Task description — All lines in the listing below from the one containing "ロング カラー トリートメント 透明感カラー🩵 ワンホンカラー/えりのヘアスタイル" through the last should be written out exactly, and only those.

Data block —
◇ ◇ ◇ ◇ ◇
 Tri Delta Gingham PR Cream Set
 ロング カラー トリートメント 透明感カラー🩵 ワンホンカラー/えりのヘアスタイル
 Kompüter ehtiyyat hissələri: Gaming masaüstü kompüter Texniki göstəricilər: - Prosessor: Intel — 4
◇ ◇ ◇ ◇ ◇
Output —
 ロング カラー トリートメント 透明感カラー🩵 ワンホンカラー/えりのヘアスタイル
 Kompüter ehtiyyat hissələri: Gaming masaüstü kompüter Texniki göstəricilər: - Prosessor: Intel — 4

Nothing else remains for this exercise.